I’m just returning from what is becoming one of my favorite conferences, the SABER meeting on biology education research. As a company that is driven by research on how to help students learn better, having a weekend surrounded by others who are doing rigorous studies on undergraduate biology education is really stimulating. There were lots of ideas to think about long-term, but a couple of thoughts on writing test items stuck out for me right away.
One was a set of rules of thumb for writing multiple choice questions, enumerated in the introduction to a talk by Teresa McElhinny and Julie Libarkin from Michigan State University. They included:
- Use the simplest language possible in both question stems and response options.
- Use plausible response options.
- Keep response options homogenous—similar language, similar length, etc., so students cannot guess the correct answer because it is, for instance, longer than the others.
- Never use parenthetical statements in questions—students don’t read them.
- Try not to introduce new concepts in response options.
- Avoid questions with answers that are combinations of other answers such as “Both A and B are true”.
Though these rules make a lot of sense, and we already try to follow many of them, they do have some problems if you are trying to draw response options out of students own words (a great way to make research—quality questions). For instance, if you ask students about a process in biology, they will often spontaneously talk about other processes. Using their own words would then violate the second to last rule above. More fundamentally, Ross Nehm’s group at Ohio State presented evidence that students often have mixed-up mental models of biological processes. Some of their thoughts about the process are correct, while others are incorrect. If you use a multiple choice question, you miss that complexity—one reason why essay questions are so much more powerful for finding an accurate picture of students understanding.
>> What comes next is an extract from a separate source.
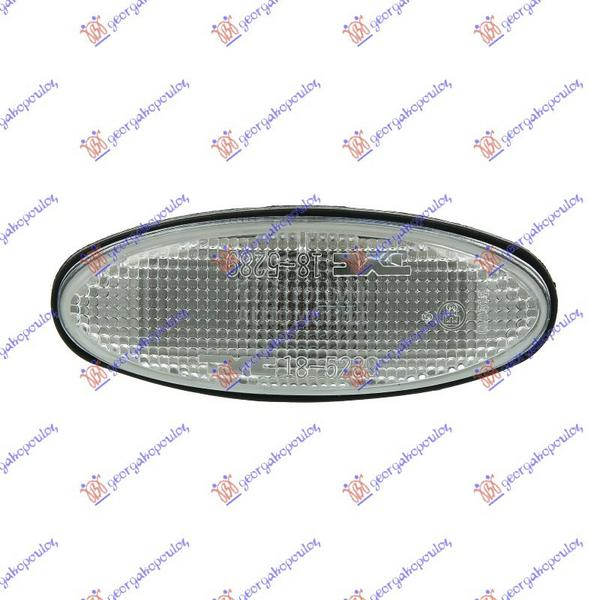 MIGAVAC U KRILU PROVIDNI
Nehm’s colleagues, along with a group at Colorado University including Brian Couch, Bill Wood, and Jenny Knight, are trying a different idea which I thought was promising for avoiding some of the problems with multiple choice. They set up a story or problem with a question stem, just like multiple choice, but then ask a set of true/false questions around that story. Each true/false addresses one aspect of the process that the student might understand separately from the rest, or one common confusion that students have. While we’ve all seen series of true/false questions before, the way these groups explicitly write them to test different aspects of understanding around one concept seems promising as an advance over multiple choice.
Questions are key for the virtual labs and interactive chapters we write as well as in our research around those materials, so I’m looking forward to trying multiple true/false questions to see if we can better hone in on what students truly understand.